Moro reprovado no teste da mulher de César

Era uma vez a festa da ”Boa Deusa", na Roma de Júlio César, em maio de 62 a.C. Só podiam participar mulheres, comandadas por Pompeia Sula, segunda mulher de César, jovem e bela. Publius Clodius, apaixonado por Pompeia, disfarçou-se de tocadora de lira e entrou clandestinamente na festa para chegar perto de sua paixão proibida.

O plano fracassou. Publius foi descoberto sem nem sequer chegar perto de Pompeia. Não obstante, armou-se tal escândalo que César divorciou-se da mulher, para espanto dos senadores romanos. Queriam saber porque ele quis o divórcio, mesmo sem haver qualquer indicação de que a mulher o traíra. César respondeu: “A mulher de César deve estar acima de qualquer suspeita”.

Desse episódio nasceu um provérbio, que se repete ao longo dos séculos: "À mulher de César não basta ser honesta, deve parecer honesta".

Aplica-se à perfeição ao casamento Sergio Moro/Jair Bolsonaro. Não há como provar que Moro condenou Luiz Inácio Lula da Silva para afastá-lo da disputa eleitoral e, assim, abrir o caminho para outro candidato, que acabou sendo Jair Bolsonaro, o que agora convida o juiz para ser um superministro da Justiça.

Na verdade, nem foi Moro diretamente quem tirou Lula do páreo.

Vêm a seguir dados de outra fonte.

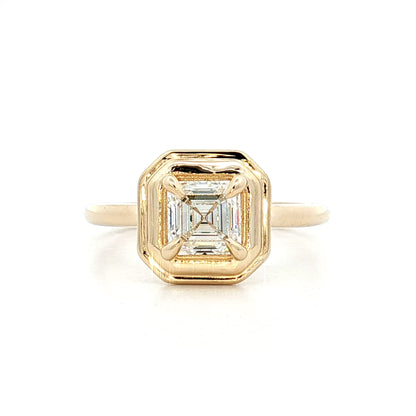 .95 Asscher Diamond Engagement Ring in 14k Yellow Gold
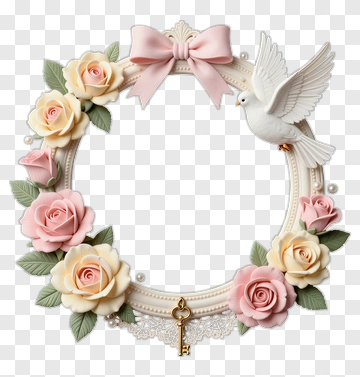 Floral Wreath With Dove And Key PNG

Foram os juízes da segunda instância que referendaram a condenação e ainda aumentaram a pena. Só assim o líder petista tornou-se inelegível.

O próprio Bolsonaro deu corda na suspeição, ao dizer que o trabalho de Moro, ”muito bem feito", o ajudara a crescer politicamente.

Para os petistas, é uma confissão até desnecessária. Sergio Moro já era o inimigo público número um. Mesmo que, em vez de ser ministro de Bolsonaro, tivesse sido chamado para trabalhar ao lado do papa Francisco, seria suspeito.

O problema, para Moro, é que, agora, há mais gente suspeitando, do que dá prova o título da capa desta sexta-feira (2) do jornal espanhol El País: ”O juiz que pôs Lula na prisão será um superministro com Bolsonaro".

Está clara a insinuação, certo? Claro que a parte hidrófoba do bolsonarismo dirá que El País é comunista, rotulação que essa gente vem usando com ridícula frequência. É patético porque, entre outras razões, o comunismo ficou sepultado sob os escombros do Muro de Berlim, faz quase 40 anos.

Mas um magistrado respeitado como Carlos Ayres Britto, que nem o mais fanático bolsonarista pode chamar de comunista, disse ao jornal O Globo que Moro no governo compromete a imagem do Judiciário. Acrescentou: ”Os magistrados devem manter o máximo de distância dos outros dois poderes".

Reforçou nesta Folha Reinaldo Azevedo, outro que só paranoicos poderiam acusar de comunista ou esquerdista: ”Ministro Moro é Judiciário com partido".

Um como o outro deixam claro que a um juiz, como à mulher de César, não basta ser imparcial, é preciso parecer imparcial, condição que ficou arranhada nesse episódio.

Mas há o contraponto: os aplausos à nomeação de Moro foram muito, mas muito mais amplos do que as críticas e restrições. Explicável: o juiz é extremamente popular, Bolsonaro está em lua de mel com uma parte significativa da sociedade, e a maioria do eleitorado aprova a prisão de Lula —51%, segundo pesquisa Datafolha de um mês atrás, mais 8% que defendem a condenação mas preferem que seja transferido para prisão domiciliar.

Significa que Moro pode passar tranquilamente por cima da necessidade de ser e de parecer ser imparcial e, ainda assim, receber aplausos.

Se continuarão ou não, vai depender do que fizer no governo. Não é uma missão trivial: ficou com a responsabilidade de encarar dois dos problemas que levaram o eleitorado a passar o rodo no establishment político tradicional, corrupção e criminalidade.